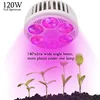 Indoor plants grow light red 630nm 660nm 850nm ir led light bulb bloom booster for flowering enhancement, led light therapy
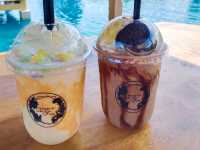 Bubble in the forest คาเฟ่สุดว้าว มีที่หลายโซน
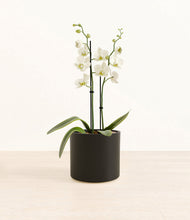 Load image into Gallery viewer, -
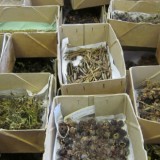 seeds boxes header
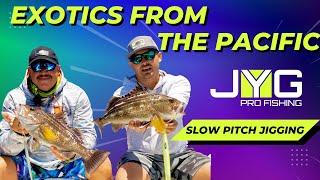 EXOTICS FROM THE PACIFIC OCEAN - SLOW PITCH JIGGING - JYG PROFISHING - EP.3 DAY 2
══════════
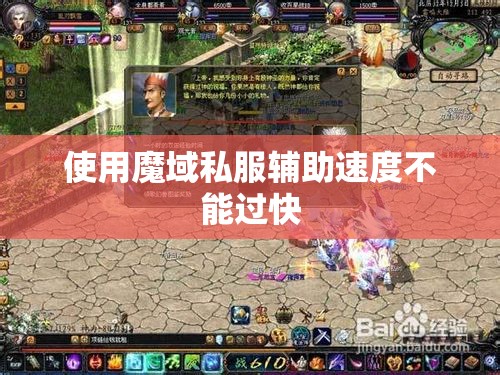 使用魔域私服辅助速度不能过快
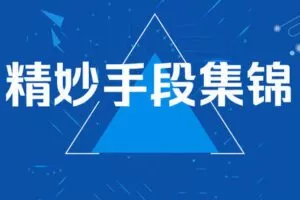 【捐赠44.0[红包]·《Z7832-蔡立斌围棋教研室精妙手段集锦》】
══════════
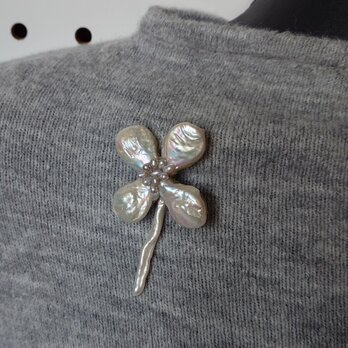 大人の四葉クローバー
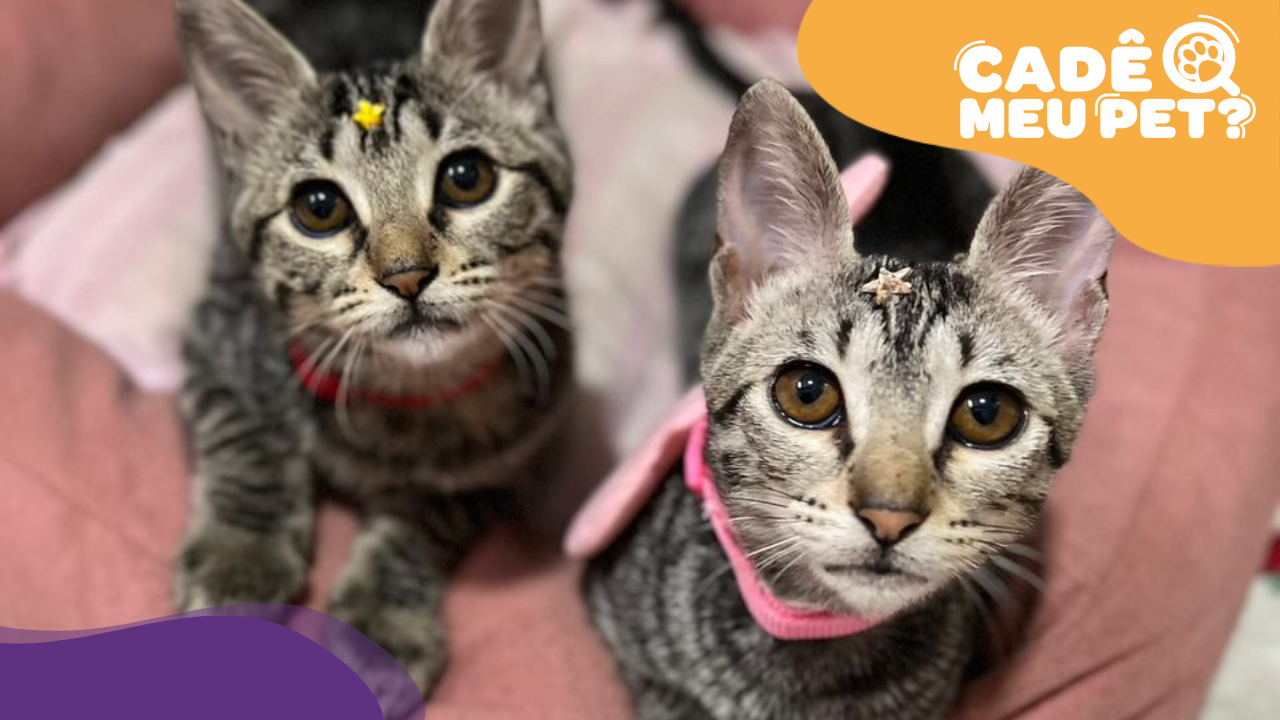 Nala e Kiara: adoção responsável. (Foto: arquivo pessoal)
══════════
TASK DETAILS:
Copy exactly the material above from the line with "Indoor plants grow" to the line with "EXOTICS FROM THE", ends included, and nothing else. Leave out any picture.

SOLUTION TO THE EXERCISE:
 Indoor plants grow light red 630nm 660nm 850nm ir led light bulb bloom booster for flowering enhancement, led light therapy
 Bubble in the forest คาเฟ่สุดว้าว มีที่หลายโซน
 Load image into Gallery viewer, -
 seeds boxes header
 EXOTICS FROM THE PACIFIC OCEAN - SLOW PITCH JIGGING - JYG PROFISHING - EP.3 DAY 2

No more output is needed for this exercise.